This is one of those good old desserts, a classic in home cooking, and always appreciated when it is well done.  In the old days this was started in a frying pan and finished in a [probably wood-fired] country oven.  Nowadays, with modern stoves and plates in which you can cook and serve, it's entirely cooked in the oven, like a soufflé.  ... you must use a copper bowl to get the egg whites exceedingly firm.  Without this, this omelette isn't worth trying.

The recipe calls for 4 egg yolks, 6 whites, 125 grams of sugar and 100 ml of rum. You work the yolks and sugar until it "forms the ribbon", add a tablespoon of rum to the yolk mixture, then fold in the beaten whites, first adding some of the whites to the yolk mixture to lighten it. This goes into a long or oval cooking-serving plate, which has been heavily buttered and dusted with powdered sugar. The top is smoothed over, and then a sort of trench, 3 to 4 cm deep, is cut in it with the blade of a knife held parallel to the surface of the omelette. "This trench helps the heat penetrate the interior, and it eventually becomes a reservoir for the rest of the rum." Several smaller incisions are cut around the omelette, in order to help the heat penetrate it.

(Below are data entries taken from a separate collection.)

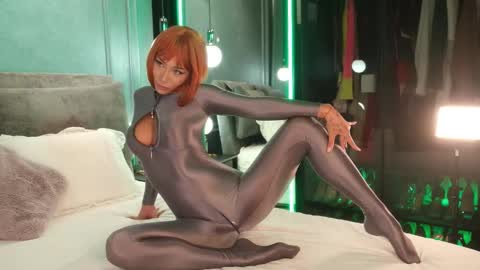 Snapshot of ami_katana chatting on 09.10.25 Ami online show from 09.10.25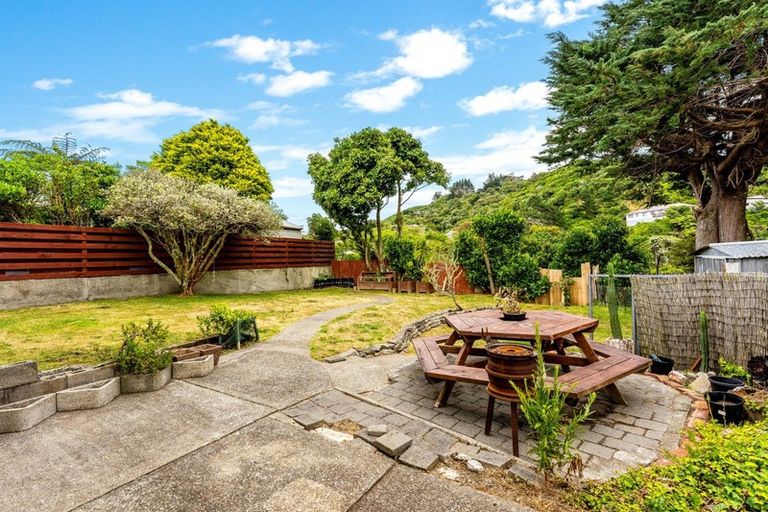 Photo of property in 3 Bermer Road, Belmont, Lower Hutt, 5010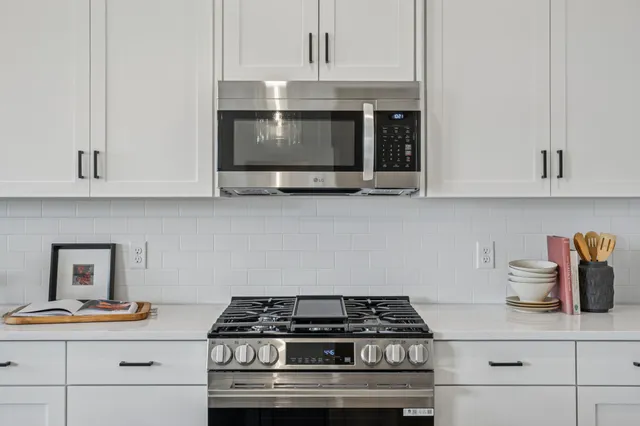 $576,600 | 9647 46th Street Northeast, St. Michael, MN 55376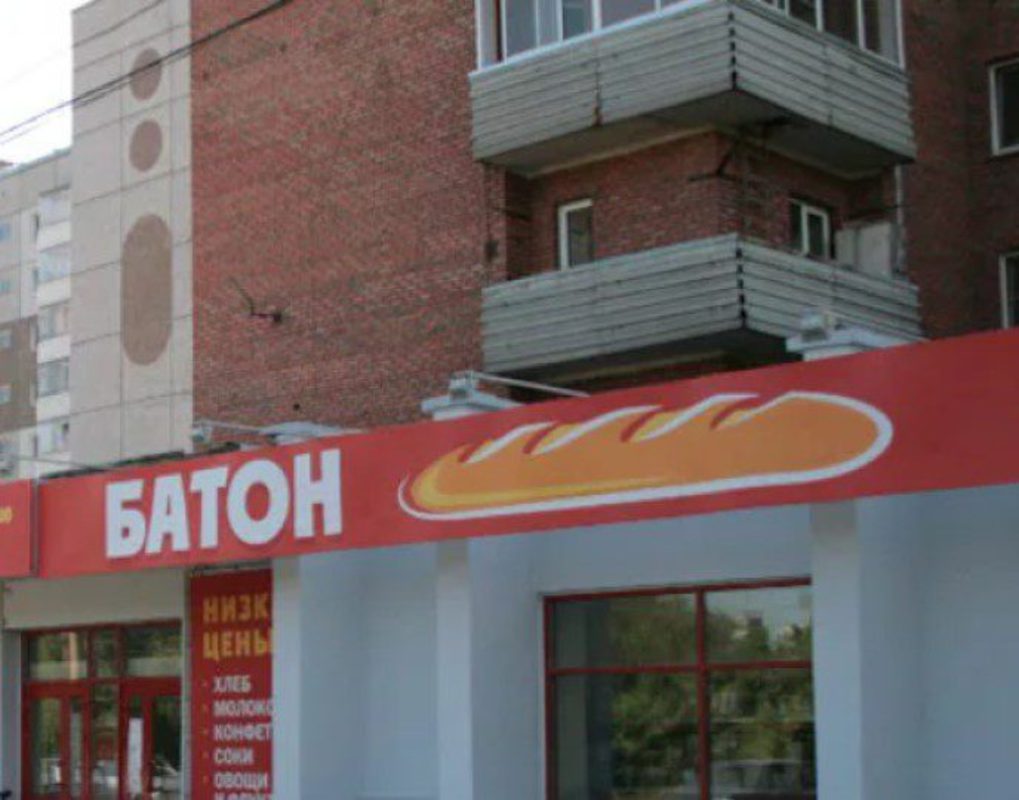 В Красноярске на козырьке магазина «Батон» нашли тело женщины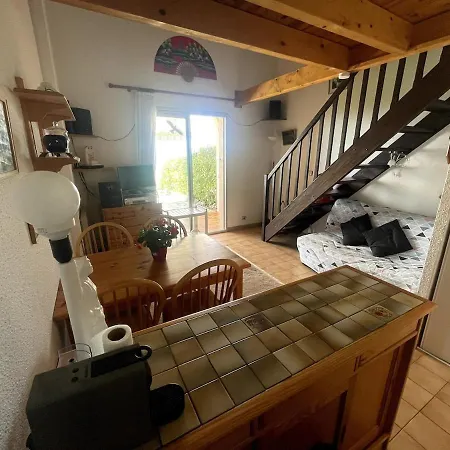 Apartman Charming Loft With Sea View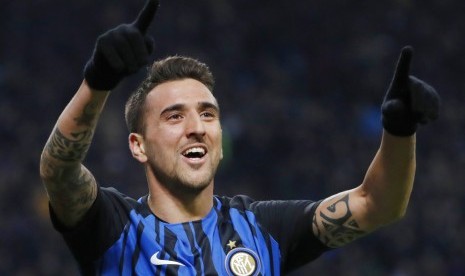 Gelandang Inter Milan, Matias Vecino merayakan gol ke gawang AS Roma pada laga Serie A di Giuseppe Meazza, Senin (22/1) dini hari WIB. Laga berakhir imbang 1-1.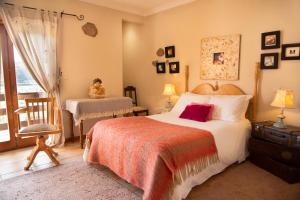 um quarto com uma cama, uma mesa e uma cadeira em Olival House em Paço de Sousa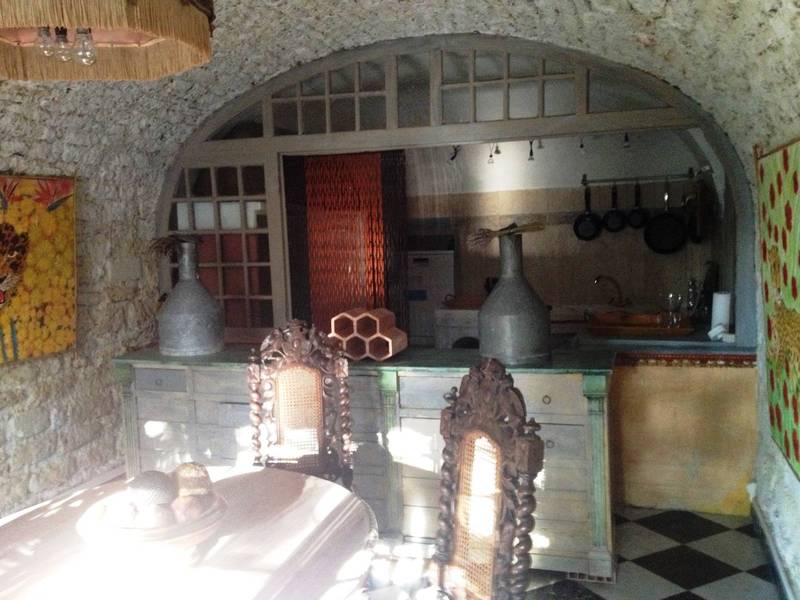 Charme et authenticité dans cette maison de village à vendre à Menerbes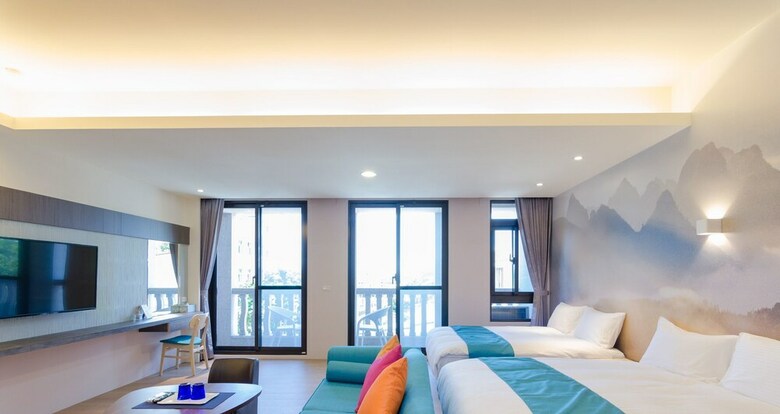 Bed & Breakfast Rainbow House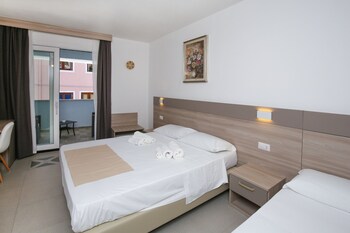 the square castelsardo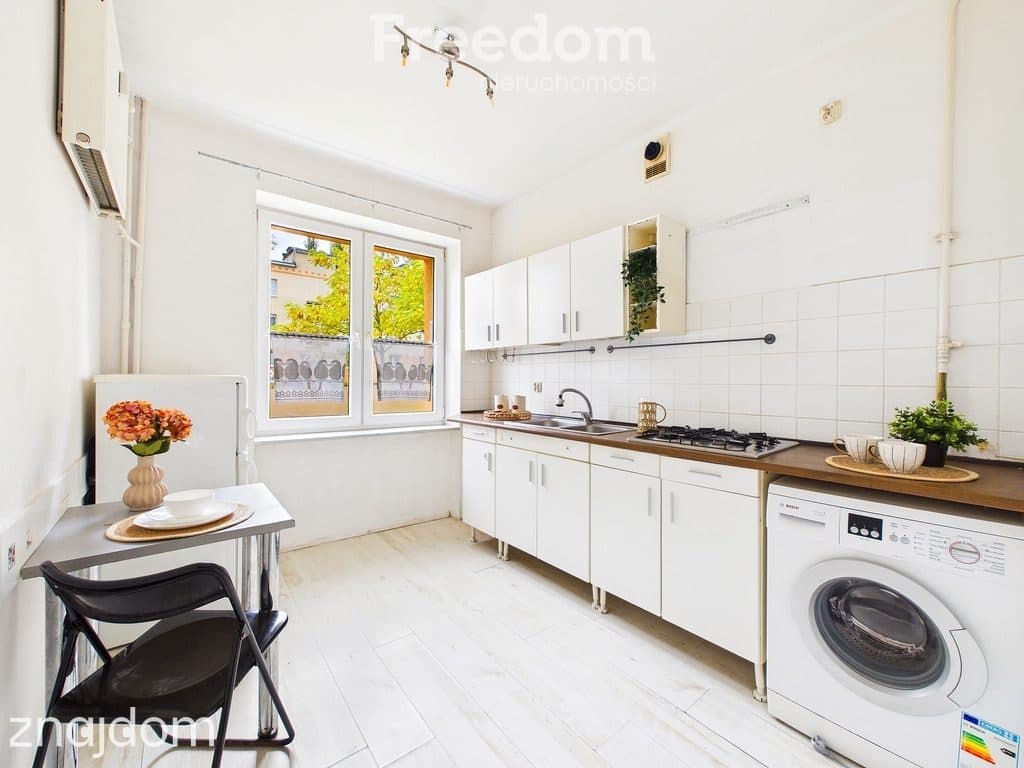 Mieszkanie 2 pokoje 38m²  ul. Dworcowa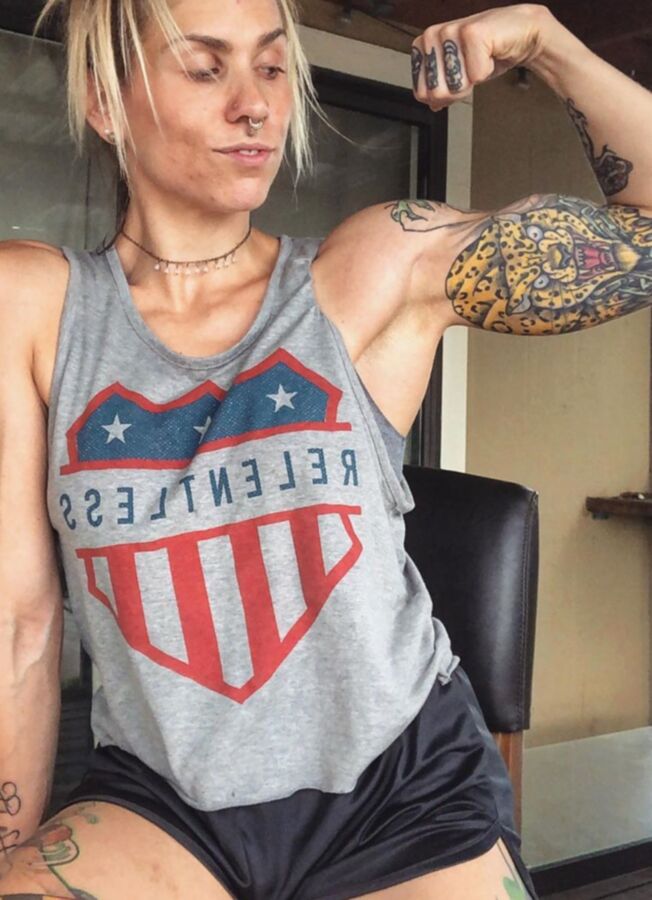 FITNESS tattoo artist/supercool chick ELLA ANNE KOCIUBA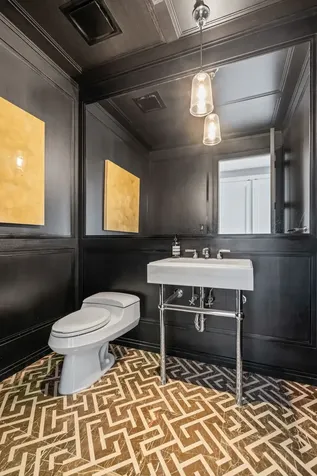 212 W 18th Street New York City NY 10011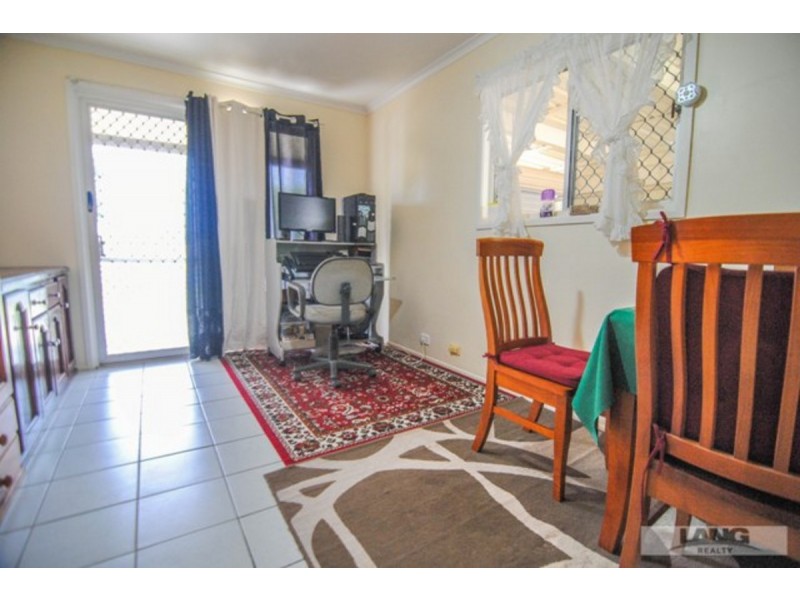 10 Grove Road, Holmview QLD 4207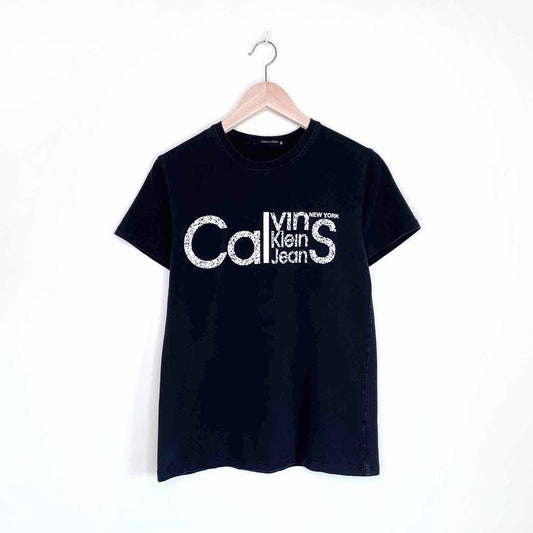 calvin klein jeans black logo tee - size medium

This goes into the oven -- "a good moderate heat", avoiding an overly hot oven that will form a crust. The dish should first be put onto a hot burner for a minute, to warm the bottom, then it goes into the oven. [Alternatively, it could go straight onto the floor of an Aga, or onto a pre-heated pizza stone in a normal oven]. After 20 minutes, it is removed from the oven, sprinkled with powdered sugar, and put back into the oven for the sugar to caramelise.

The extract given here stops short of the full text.